● **Exercise prompt**
Copy every line from the one that holds "TRESORS D'ART EN EUROPE. COMTE HUBERT" to the end of the records below, exactly and with nothing else, but without any pictures.

(Captioned web image data)
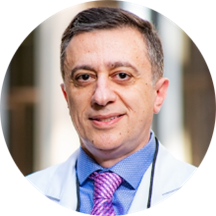 Dr. Karam Rassam, DDS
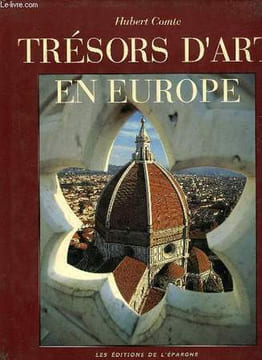 TRESORS D'ART EN EUROPE. COMTE HUBERT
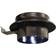 vidaXL Solar Lamps Wall light ∅ 12cm 6pcs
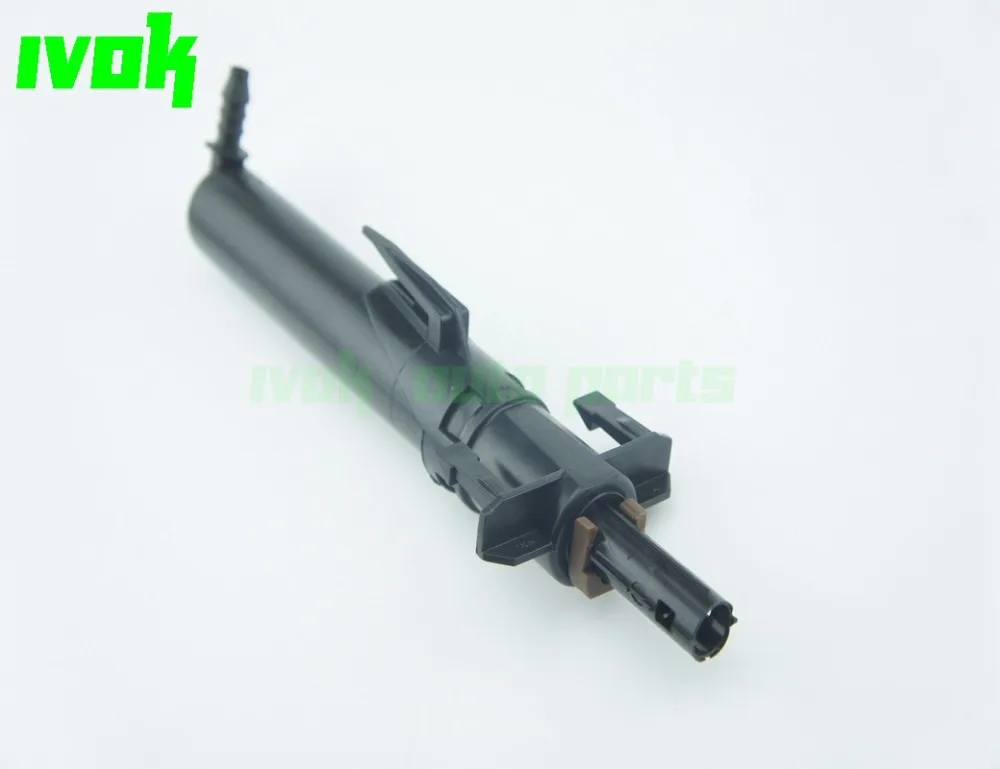 Насос омывателя фар для Peugeot 207 307 607 Citroen C4 C5 89028244 6438P1|pump for|pump pumppump nozzle |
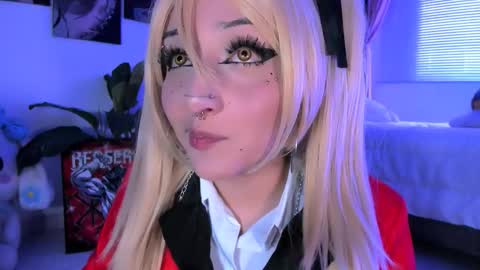 JULIANA online show from February 2026 03:29:01 PM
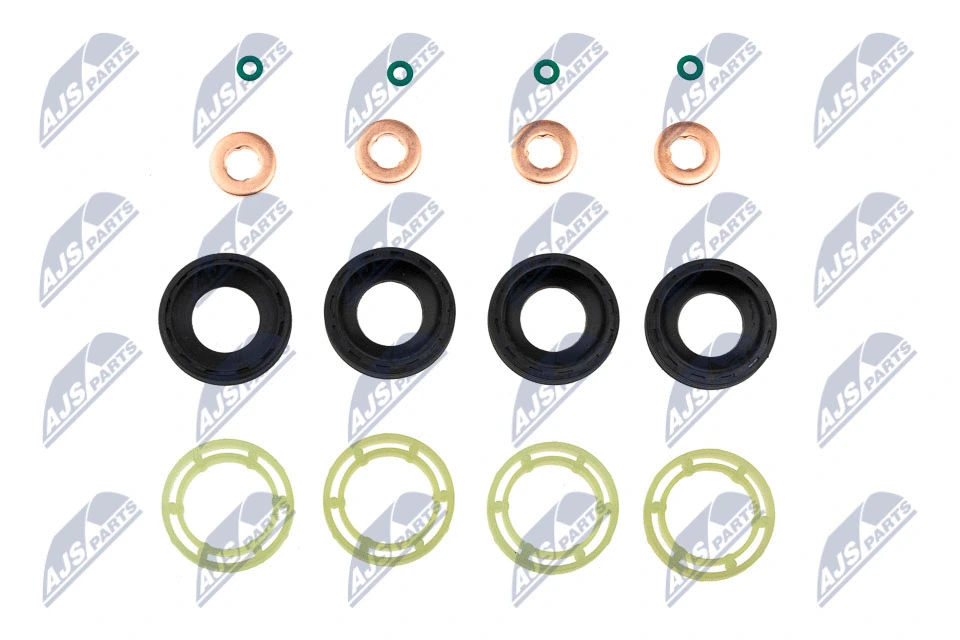 Kit de joints, injecteur NTY BWP-CT-002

● **Task response**
 TRESORS D'ART EN EUROPE. COMTE HUBERT
 vidaXL Solar Lamps Wall light ∅ 12cm 6pcs
 Насос омывателя фар для Peugeot 207 307 607 Citroen C4 C5 89028244 6438P1|pump for|pump pumppump nozzle |
 JULIANA online show from February 2026 03:29:01 PM
 Kit de joints, injecteur NTY BWP-CT-002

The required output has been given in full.